There is considerable conversation, on all sides of the issue, surrounding a 6-3 supreme court decision today recognizing “gay” and/or “transgender” persons as being protected by the 1964 civil rights act under the definition of “sex”.  Factually, the decision authored by Judge Gorsuch writes those terms into the legislative definition; that’s a problem.

However, that said, for all practical purposes and intents, sexual orientation has been a protected employment category -as viewed by the Dept. of Labor and EEOC- since the mid-90’s. So some of the over-the-top exclamations, in both directions, are moot amid the world of practical application.

As to the issue of SCOTUS usurping the legislative responsibility for the practical wording of law, yes, this ruling is an issue, and Judge Alito is absolutely correct in all corners of his dissent.  Justice Gorsuch has opened a can of worms for downstream consequences unrelated to employment eligibility; and a myriad of potential future cases based on gender orientation are likely to flow to the court; so the big picture is problematic.

All arguments surrounding the issue of SCOTUS writing legislation through the delivery of opinion are merited and worthy.  However, on the specific application of ‘gender’ to employment eligibility, today’s ruling was already in place.  Amy Howe has a good encapsulation at SCOTUS Blog:

“Today the Supreme Court, by a vote of 6-3, ruled that even if Congress may not have had discrimination based on sexual orientation or transgender status in mind when it enacted the landmark law over a half century ago, Title VII’s ban on discrimination protects gay, lesbian and transgender employees.
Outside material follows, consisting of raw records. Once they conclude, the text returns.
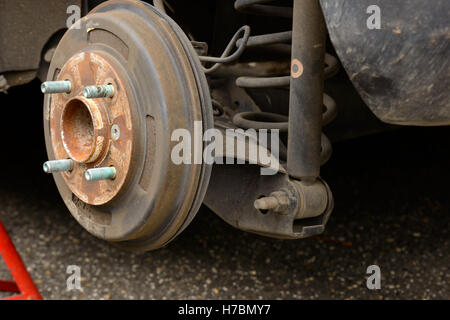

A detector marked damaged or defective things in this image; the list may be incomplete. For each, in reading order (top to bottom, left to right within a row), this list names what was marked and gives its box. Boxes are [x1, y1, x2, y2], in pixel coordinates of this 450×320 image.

rusty metal surface [49, 51, 134, 204]
rusty brake drum [43, 0, 214, 251]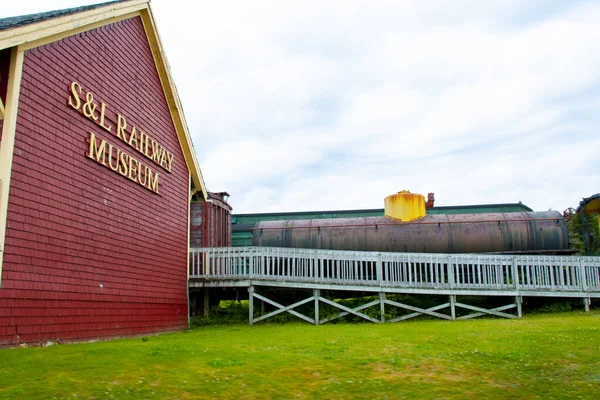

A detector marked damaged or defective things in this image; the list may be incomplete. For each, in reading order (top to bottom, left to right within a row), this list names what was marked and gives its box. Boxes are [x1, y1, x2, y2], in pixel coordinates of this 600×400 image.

rusty tank car [251, 191, 568, 253]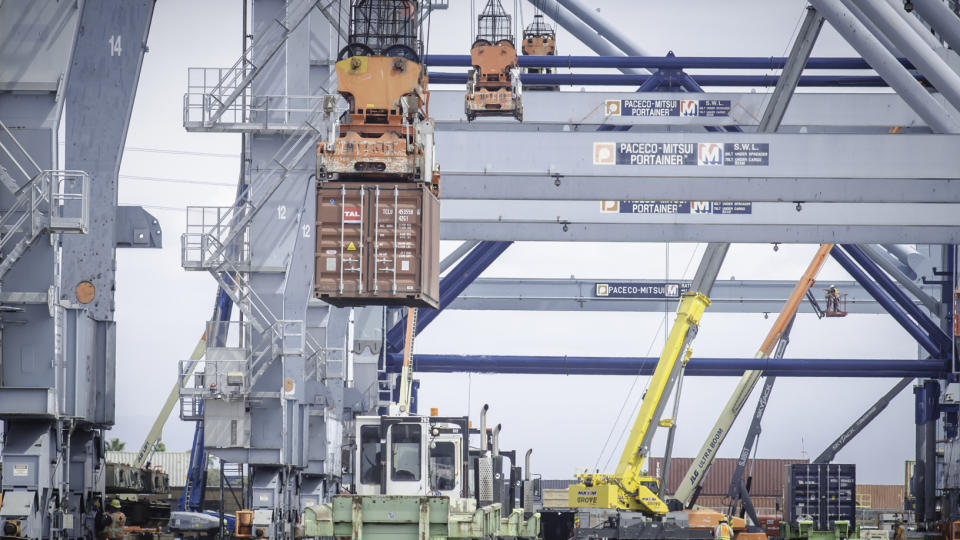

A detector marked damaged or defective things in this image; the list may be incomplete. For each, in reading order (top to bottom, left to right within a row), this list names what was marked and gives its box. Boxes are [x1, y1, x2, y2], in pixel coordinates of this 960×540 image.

rusty metal surface [316, 182, 438, 306]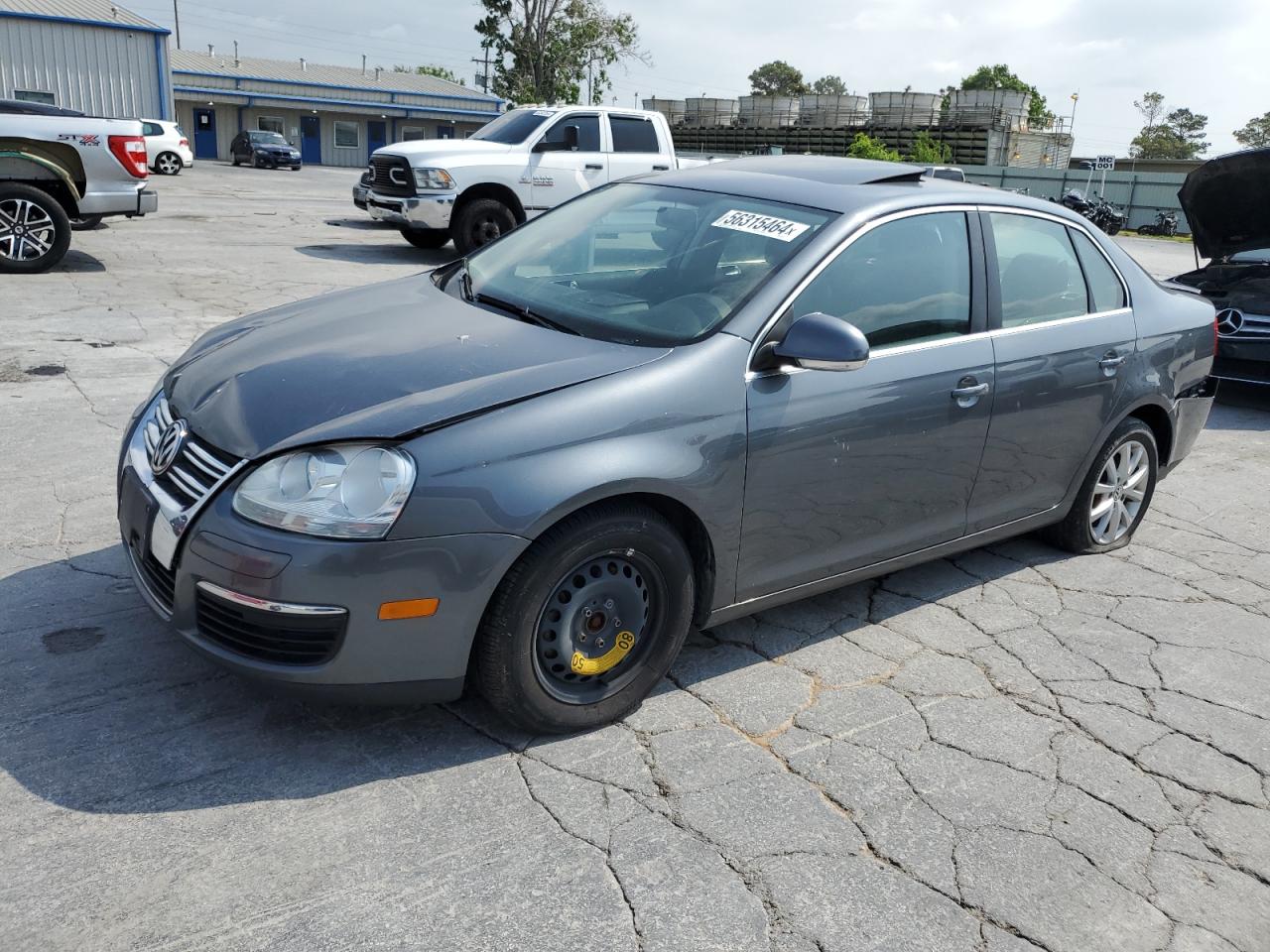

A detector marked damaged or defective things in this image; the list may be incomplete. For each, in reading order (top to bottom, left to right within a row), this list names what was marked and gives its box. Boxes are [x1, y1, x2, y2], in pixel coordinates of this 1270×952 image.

dented hood [1173, 145, 1270, 259]
dented hood [164, 274, 670, 459]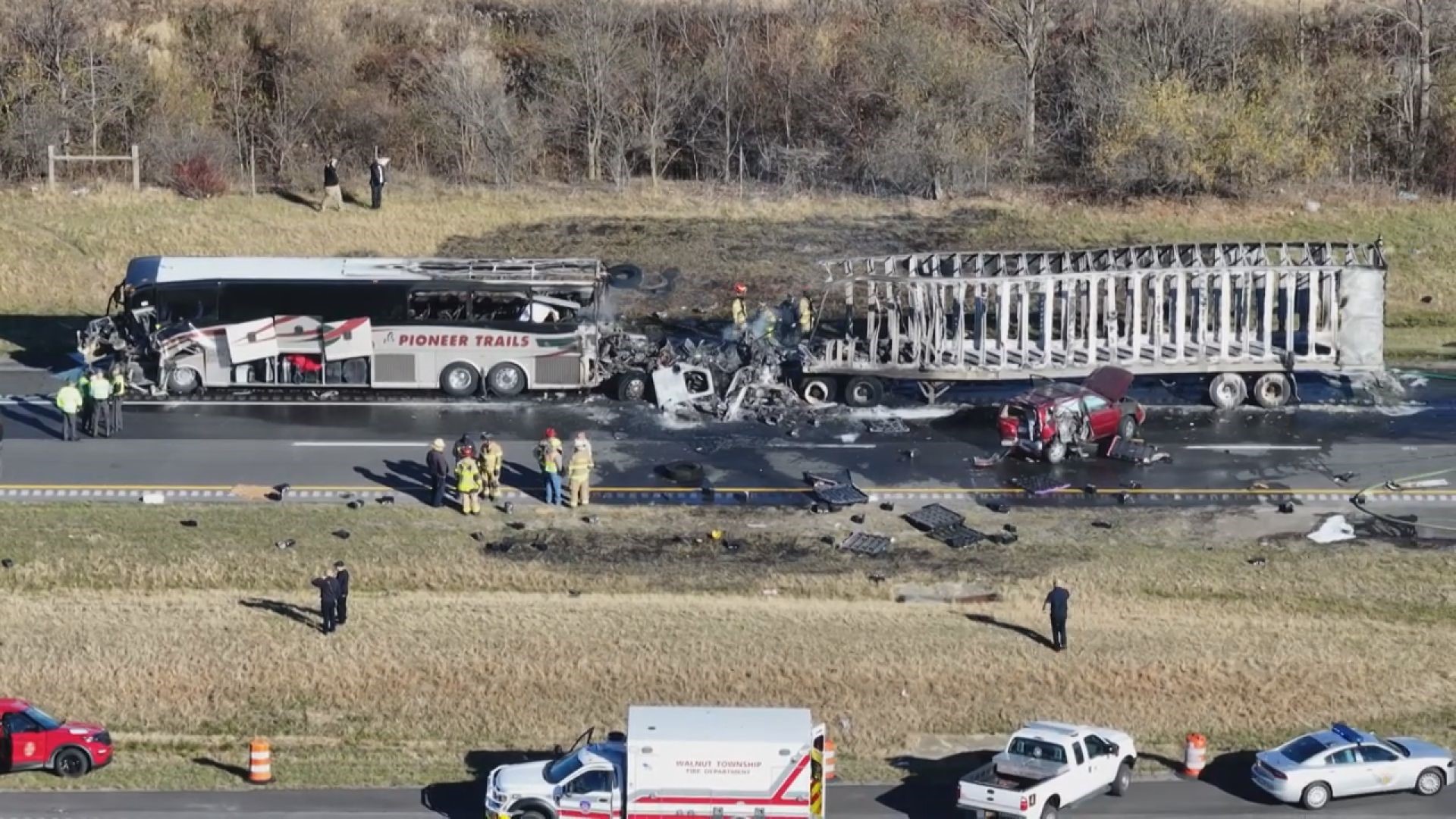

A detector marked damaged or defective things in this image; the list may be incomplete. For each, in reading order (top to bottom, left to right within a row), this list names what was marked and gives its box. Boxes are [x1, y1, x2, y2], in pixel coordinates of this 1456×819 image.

burned semi-trailer [74, 255, 655, 397]
burned semi-trailer [801, 241, 1395, 410]
crashed red pickup truck [995, 369, 1141, 464]
destroyed truck cab [995, 369, 1141, 464]
destroyed truck cab [488, 704, 831, 819]
destroyed truck cab [959, 722, 1141, 819]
Because fewer than half of the 50 states currently ban employment discrimination based on gender identity or sexual orientation, today’s decision is a major victory for LGBT employees.”

[…] Gorsuch framed the question before the court as a straightforward one: “Today,” he wrote, “we must decide whether an employer can fire someone simply for being homosexual or transgender.” The answer to that question, he continued, “is clear.” When an employer fires an employee “for being homosexual or transgender,” that employer “fires that person for traits or actions it would not have questioned in members of a different sex. Sex plays a necessary and undisguisable role in the decision, exactly what Title VII forbids.”
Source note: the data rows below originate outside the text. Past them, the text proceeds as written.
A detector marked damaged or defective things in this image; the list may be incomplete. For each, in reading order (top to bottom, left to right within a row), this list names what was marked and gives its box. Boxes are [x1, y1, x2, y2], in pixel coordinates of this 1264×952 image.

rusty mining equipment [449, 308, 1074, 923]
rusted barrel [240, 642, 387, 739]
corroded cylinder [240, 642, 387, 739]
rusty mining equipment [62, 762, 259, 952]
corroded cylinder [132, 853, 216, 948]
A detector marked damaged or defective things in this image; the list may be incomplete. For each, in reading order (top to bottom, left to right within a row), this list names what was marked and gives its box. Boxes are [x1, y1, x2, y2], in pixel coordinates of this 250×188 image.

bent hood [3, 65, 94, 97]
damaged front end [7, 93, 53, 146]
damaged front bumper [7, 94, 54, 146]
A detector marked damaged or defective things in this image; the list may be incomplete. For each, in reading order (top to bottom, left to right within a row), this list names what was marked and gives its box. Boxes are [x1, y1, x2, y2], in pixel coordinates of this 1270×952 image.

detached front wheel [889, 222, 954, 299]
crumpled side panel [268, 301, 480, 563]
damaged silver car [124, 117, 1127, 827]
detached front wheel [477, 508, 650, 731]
[…] Justice Samuel Alito filed a sharp dissent that was joined by Justice Clarence Thomas. While conceding that the result that the majority reached “no doubt arises from humane and generous impulses,” Alito stressed that there “is only one word for what the Court has done today: legislation.” He compared the majority’s opinion to a “pirate ship,” writing that although it sails “under a textualist flag” – that is, it purports to adhere to the text of Title VII – “what it actually represents is a theory of statutory interpretation that Justice Scalia excoriated—the theory that court should ‘update’ old statutes so that they better reflect the current values of society.” “If the Court finds it appropriate to adopt this theory,” Alito complained, “it should own up to what it is doing.”  (read more)

In the bigger picture, because Title VII as drafted does not protect gay and lesbian employees, nor does any honest review of the 1964 statute imply such a definition, the responsibility to amend Title VII belonged to congress and the president in the legislative process, not to the Supreme Court.  That’s the bigger problem with the SCOTUS decision.

Congress should be, and is, responsible for defining the term “because of sex” as it applies in the original legislation; as it was written to eliminate employment discrimination.  What the supreme court did today was textually, and arguably constitutionally, outside the parameters of their role.

The only modicum of upside optimism stems from reminding ourselves that practically speaking the ruling today was already, technically, in place. The executive branch already viewed sex-based employment discrimination as against EEOC rules.  However, the severe downside is further movement toward legislation being created by the courts.

I think Justice Alito is correct… The Supreme Court has just opened themselves up to a lot more work coming on their calendar.